La Pasquetta, Easter Monday
Known affectionately as La Pasquetta or Il Lunedì dell'Angelo, Angel's Monday, Easter Monday is a national holiday and traditionally the day when Italians enjoy carefree country picnics with friends and family to celebrate the return of spring.

In Alto-Adige's alpine Merano, however, the town is preparing something a bit different, the Corse Rusticane or traditional horse races of peculiarly blonde Haflinger horses. Before the race, gold maned horses and their traditionally costumed Tyrolean riders parade through town accompanied by bands and folk dancers. The day culminates as the beautiful blond mountain horses race around the Maia racetrack to the delight of the crowds. The golden horses of Easter are a unique sight as their manes fly in the wine. If you like horses, Merano is definitely worth a trip.

And finally, we can't talk about an Italian Easter without mentioning food.
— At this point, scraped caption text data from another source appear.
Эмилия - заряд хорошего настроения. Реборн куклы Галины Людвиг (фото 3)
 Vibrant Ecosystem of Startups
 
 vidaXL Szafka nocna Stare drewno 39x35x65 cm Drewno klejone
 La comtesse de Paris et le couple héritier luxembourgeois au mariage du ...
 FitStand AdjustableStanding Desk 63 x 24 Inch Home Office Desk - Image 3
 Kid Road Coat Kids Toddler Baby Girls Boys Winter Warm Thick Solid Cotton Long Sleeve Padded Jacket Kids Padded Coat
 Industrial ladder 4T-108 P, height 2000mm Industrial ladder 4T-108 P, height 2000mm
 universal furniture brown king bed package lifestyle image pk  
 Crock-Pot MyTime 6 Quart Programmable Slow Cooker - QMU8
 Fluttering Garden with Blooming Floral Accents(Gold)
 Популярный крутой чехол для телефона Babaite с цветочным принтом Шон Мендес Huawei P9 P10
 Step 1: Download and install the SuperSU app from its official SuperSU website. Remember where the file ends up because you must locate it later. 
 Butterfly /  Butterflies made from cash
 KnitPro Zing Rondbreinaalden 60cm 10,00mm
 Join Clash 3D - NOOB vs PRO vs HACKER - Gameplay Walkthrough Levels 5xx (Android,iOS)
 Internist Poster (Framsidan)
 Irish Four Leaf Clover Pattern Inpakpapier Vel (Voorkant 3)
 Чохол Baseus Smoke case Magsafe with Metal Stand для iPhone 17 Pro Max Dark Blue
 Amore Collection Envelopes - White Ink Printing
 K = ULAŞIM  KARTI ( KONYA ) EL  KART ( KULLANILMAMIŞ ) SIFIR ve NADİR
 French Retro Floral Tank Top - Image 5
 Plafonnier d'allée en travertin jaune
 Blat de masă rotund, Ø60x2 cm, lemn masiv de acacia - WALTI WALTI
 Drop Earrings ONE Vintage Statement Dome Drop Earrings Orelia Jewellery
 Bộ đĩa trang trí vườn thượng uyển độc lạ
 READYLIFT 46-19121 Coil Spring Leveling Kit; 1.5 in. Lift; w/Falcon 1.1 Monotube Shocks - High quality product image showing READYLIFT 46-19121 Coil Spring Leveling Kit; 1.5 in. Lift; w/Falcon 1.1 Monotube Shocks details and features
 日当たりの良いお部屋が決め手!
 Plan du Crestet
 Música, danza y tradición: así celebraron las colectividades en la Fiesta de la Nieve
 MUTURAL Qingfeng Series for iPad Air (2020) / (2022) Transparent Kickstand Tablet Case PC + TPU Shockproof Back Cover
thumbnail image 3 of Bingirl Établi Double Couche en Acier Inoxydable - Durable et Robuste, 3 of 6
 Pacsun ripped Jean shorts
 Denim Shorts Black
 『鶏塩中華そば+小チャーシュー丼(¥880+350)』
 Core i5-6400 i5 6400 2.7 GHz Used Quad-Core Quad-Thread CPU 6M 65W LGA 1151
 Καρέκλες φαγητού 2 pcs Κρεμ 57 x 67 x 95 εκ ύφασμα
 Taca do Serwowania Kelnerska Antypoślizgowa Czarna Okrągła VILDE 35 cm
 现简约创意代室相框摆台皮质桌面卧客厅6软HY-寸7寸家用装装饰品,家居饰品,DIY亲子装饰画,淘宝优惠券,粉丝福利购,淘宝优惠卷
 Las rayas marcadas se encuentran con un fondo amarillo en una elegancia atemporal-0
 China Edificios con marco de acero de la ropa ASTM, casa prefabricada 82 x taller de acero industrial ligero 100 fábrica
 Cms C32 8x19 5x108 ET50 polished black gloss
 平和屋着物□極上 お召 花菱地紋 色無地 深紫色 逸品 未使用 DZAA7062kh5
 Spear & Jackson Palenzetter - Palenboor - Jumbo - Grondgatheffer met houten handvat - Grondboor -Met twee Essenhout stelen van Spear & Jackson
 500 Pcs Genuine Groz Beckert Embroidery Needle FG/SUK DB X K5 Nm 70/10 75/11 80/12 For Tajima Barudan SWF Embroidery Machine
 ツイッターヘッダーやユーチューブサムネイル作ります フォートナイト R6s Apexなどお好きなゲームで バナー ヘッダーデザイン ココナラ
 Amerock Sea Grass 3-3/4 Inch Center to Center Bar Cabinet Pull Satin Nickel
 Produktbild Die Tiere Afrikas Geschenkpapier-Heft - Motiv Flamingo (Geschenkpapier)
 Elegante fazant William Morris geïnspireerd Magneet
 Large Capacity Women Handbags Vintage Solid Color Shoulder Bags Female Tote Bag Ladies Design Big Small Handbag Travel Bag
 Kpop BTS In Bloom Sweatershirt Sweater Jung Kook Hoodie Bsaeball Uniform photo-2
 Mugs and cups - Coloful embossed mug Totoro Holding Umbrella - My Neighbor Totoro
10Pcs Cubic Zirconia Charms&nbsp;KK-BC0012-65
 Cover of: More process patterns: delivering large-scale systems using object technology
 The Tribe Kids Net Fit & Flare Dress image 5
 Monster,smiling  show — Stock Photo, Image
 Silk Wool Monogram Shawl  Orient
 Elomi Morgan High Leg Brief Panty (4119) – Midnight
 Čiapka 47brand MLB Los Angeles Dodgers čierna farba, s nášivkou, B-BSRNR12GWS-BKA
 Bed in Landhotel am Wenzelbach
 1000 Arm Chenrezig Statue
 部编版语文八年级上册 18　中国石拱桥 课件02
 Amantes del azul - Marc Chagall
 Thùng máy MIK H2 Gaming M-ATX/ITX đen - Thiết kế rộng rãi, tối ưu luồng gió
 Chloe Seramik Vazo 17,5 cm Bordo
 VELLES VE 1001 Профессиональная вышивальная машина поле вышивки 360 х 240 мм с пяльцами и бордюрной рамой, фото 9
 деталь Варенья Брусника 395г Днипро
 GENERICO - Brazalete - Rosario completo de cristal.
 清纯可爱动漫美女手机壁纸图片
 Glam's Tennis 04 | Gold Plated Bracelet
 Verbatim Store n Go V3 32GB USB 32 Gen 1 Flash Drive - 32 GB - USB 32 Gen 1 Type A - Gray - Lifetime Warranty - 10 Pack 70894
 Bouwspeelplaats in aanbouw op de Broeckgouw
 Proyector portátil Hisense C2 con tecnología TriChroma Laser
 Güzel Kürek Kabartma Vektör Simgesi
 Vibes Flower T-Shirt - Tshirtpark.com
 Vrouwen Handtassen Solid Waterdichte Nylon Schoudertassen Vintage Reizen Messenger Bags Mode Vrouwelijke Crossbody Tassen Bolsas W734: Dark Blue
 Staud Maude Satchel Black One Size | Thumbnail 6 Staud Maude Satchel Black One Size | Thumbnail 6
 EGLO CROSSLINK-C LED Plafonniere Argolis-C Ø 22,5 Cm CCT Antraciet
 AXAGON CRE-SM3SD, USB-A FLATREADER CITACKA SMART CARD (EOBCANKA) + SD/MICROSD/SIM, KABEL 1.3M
Dining tables and picnic blankets sag under the weight of roast lambs, Columba cakes, bread and much much more. But in Panicale in Umbria, food is even more central to the Pasquetta festival, if that's possible, as the town celebrates with a cheese-rolling race! Combining elements of yo-yo, bocce and running the race is said to commemorate the moment the stone door was rolled away from Jesus's tomb. Giocatori, or players, jostle to be the first to roll a nine-pound Pecorino cheese around the perimeter of the old, walled village but the rules of this ancient race are strict. They're allowed to use a leather strap to launch the cheese and keep it moving with a whip-like stick but otherwise players shouldn't use hands or feet to propel their cheese on. The winner of the Ruzzolone race is the one who finishes with the fewest taps of the cheese and the prize, fittingly, is the cheese itself. Delizioso!

Ultimately there's more to a traditional Italian Easter that meets the eye with as many different ways to celebrate as there are towns and cities. One thing is for certain, however, Easter is a festival very close to Italian hearts. And whether you do it with races, parades or simple egg-travaganzas, this is definitely a time to celebrate. Buona Pasqua a tutti, Happy Easter everyone!